[Input data Boundary: Start]

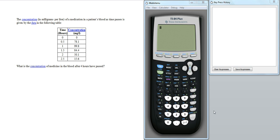Hey there, it's Dr. Dave here with another video. This time I'm going to look at using the TI-84 Plus calculator to do regression modelling.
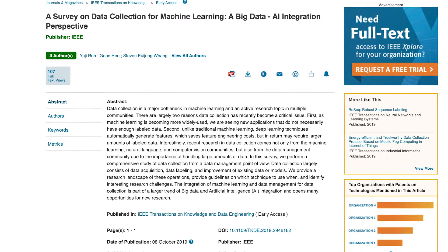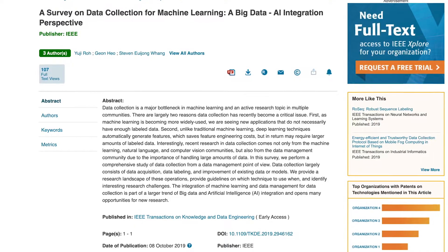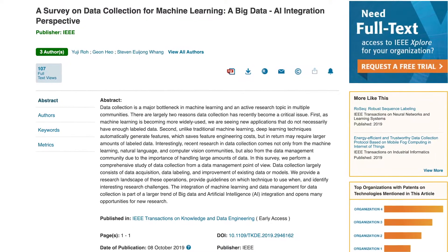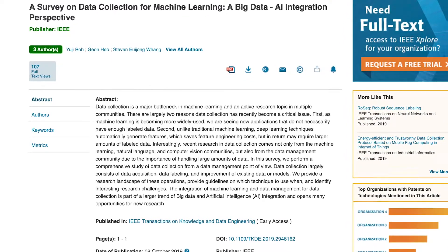This occurs in three major steps: data collection, data cleaning, and data labeling. Before we get into it, there's a great paper that's going to be the main reference for this video. I'd highly recommend checking it out — it's kind of long though, so bear in mind. How do we collect data?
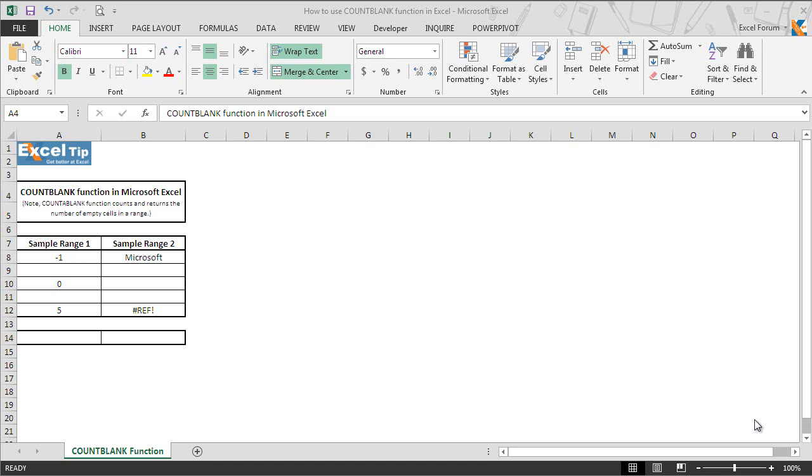Hello and welcome back to the Excel tip videos. Today in this video, we will show you how to use the COUNTBLANK function in Excel.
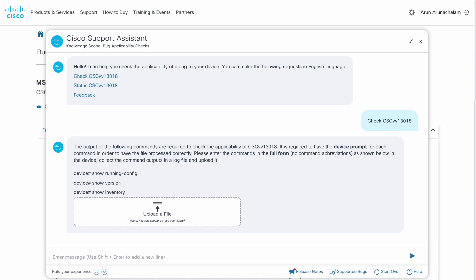The assistant automatically provides the list of commands or log files required to perform the applicability check. For this bug, you need show inventory, show running config, and show version.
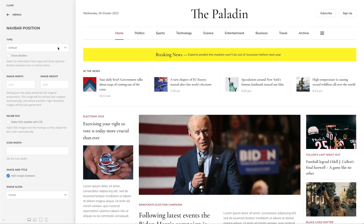Here, you can select whether the menu should be rendered as a horizontal subnav, a sidebar nav, or icon nav. The default type depends on the position where the menu is published.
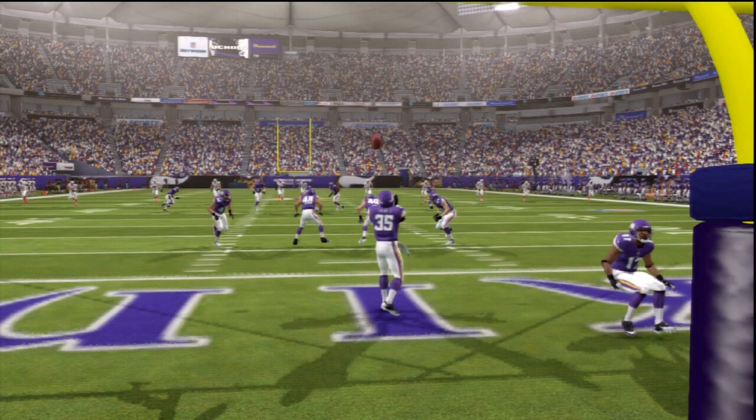What's going on guys, my name is Mr. Hurricane and you guys know I like these highlight videos. Here is my first highlight video of Madden NFL 25.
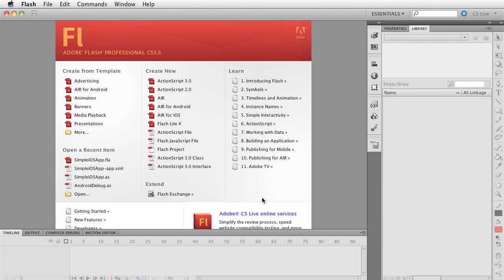Hey, this is Brent Arnold, and today I want to show you a cool new feature in Flash Professional CS 5.5, and it's kind of been around in various forms. It's called Code Snippets.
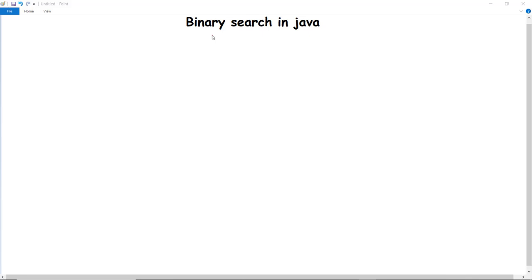Searching and sorting algorithms are popular in any programming language. We have previously discussed bubble sort, and here we are going to discuss binary search in Java and how we can implement it.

[Input data Boundary: End]

Please copy exactly the lines from the one containing "Hey, this is" through the last line of the records, both ends included, and leave out any pictures.

■ Answer box ■
Hey, this is Brent Arnold, and today I want to show you a cool new feature in Flash Professional CS 5.5, and it's kind of been around in various forms. It's called Code Snippets.
Searching and sorting algorithms are popular in any programming language. We have previously discussed bubble sort, and here we are going to discuss binary search in Java and how we can implement it.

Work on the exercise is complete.